Più nello specifico – si legge nella pronuncia in commento – “nelle varie evoluzioni della nozione di “ristrutturazione ricostruttiva” che si sono susseguite, è rinvenibile un minimo comune denominatore, consistente nel fatto che l’intervento deve comunque risultare “neutro” sotto il profilo dell’impatto sul territorio nella sua dimensione fisica”, condizione ritenuta valida ancora oggi alla luce del fatto che, pur essendo stata eliminato il requisito della fedele continuità tra le caratteristiche strutturali dell’immobile preesistente e quelle del fabbricato di nuova realizzazione, ciononostante, la finalità sottesa al concetto di ristrutturazione è in ogni caso conservativa e di recupero edilizio.

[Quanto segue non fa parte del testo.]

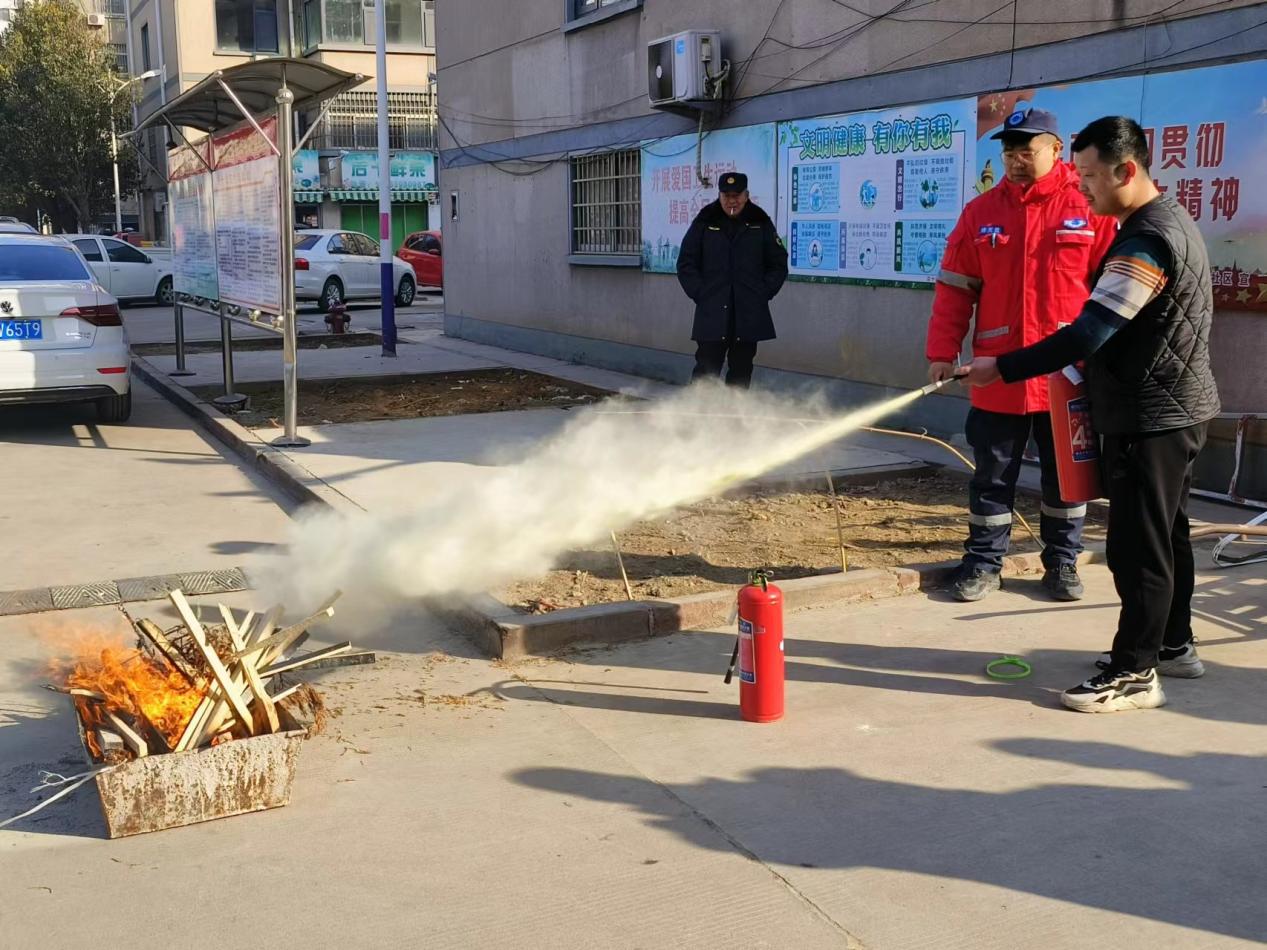 兰山街道后十社区开展1月份消防安全培训会议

Alla luce di tali considerazioni, il Consiglio di Stato ha qualificato l’intervento di demolizione e ricostruzione sottoposto al suo esame quale “nuova costruzione”, rispetto al quale si rende necessario il previo ottenimento di un P.d.c. non sostituibile neanche dalla SCIA alternativa, precisando altresì che “nella “demoricostruzione” non può pretendersi una “continuità” tra il nuovo edificio e quello precedente se non nella misura in cui per essa s’intenda il doveroso rispetto dei requisiti, sopra indicati, dell’unicità dell’immobile interessato dall’intervento, della contestualità tra demolizione e ricostruzione, del mero utilizzo della volumetria preesistente senza ulteriori trasformazioni della morfologia del territorio”.

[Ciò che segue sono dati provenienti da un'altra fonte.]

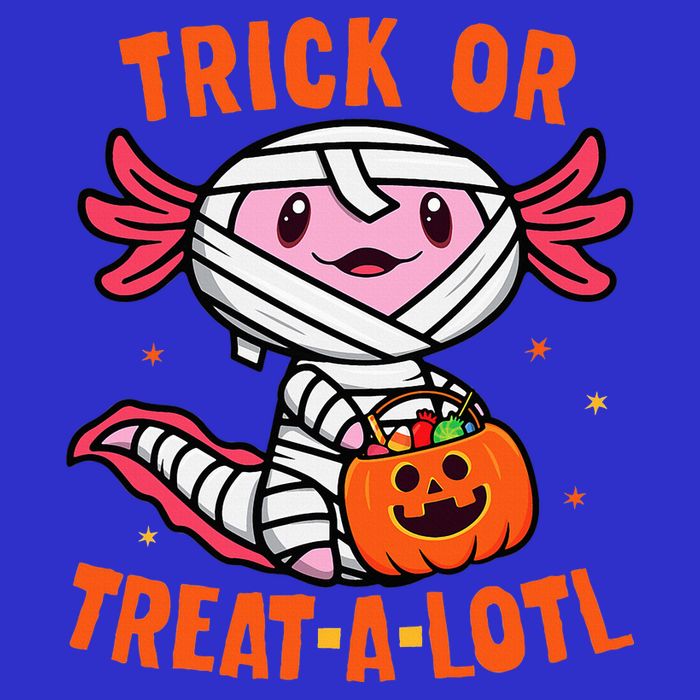 Trick or Treat A Lotl Axolotl Halloween Costume Tank Top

Nella fattispecie, il Giudice amministrativo ha ritenuto che tali limiti – il cui superamento vale di per sé ad attribuire la qualificazione di “nuova costruzione” – non fossero stati in concreto osservati nell’esecuzione dell’intervento edilizio.
Considerazioni conclusive
La pronuncia in commento risulta rilevante almeno per due ragioni: da un lato, delimita i confini della nozione di “ristrutturazione edilizia”, fornendo indicazioni univoche sulla tipologia di interventi rientranti in tale categoria e sul relativo titolo abilitativo, nel tentativo di fare chiarezza in un contesto normativo frastagliato e sul quale incidono tanto il legislatore nazionale quanto quello regionale; dall’altro, afferma il principio di neutralità in luogo di quello della continuità tra le caratteristiche strutturali del fabbricato preesistente e quello di nuova realizzazione nelle ipotesi di “demo-ricostruzione”, andando incontro all’esigenza, avvertita da amministrazioni locali e operatori economici, di favorire interventi di rigenerazione urbana.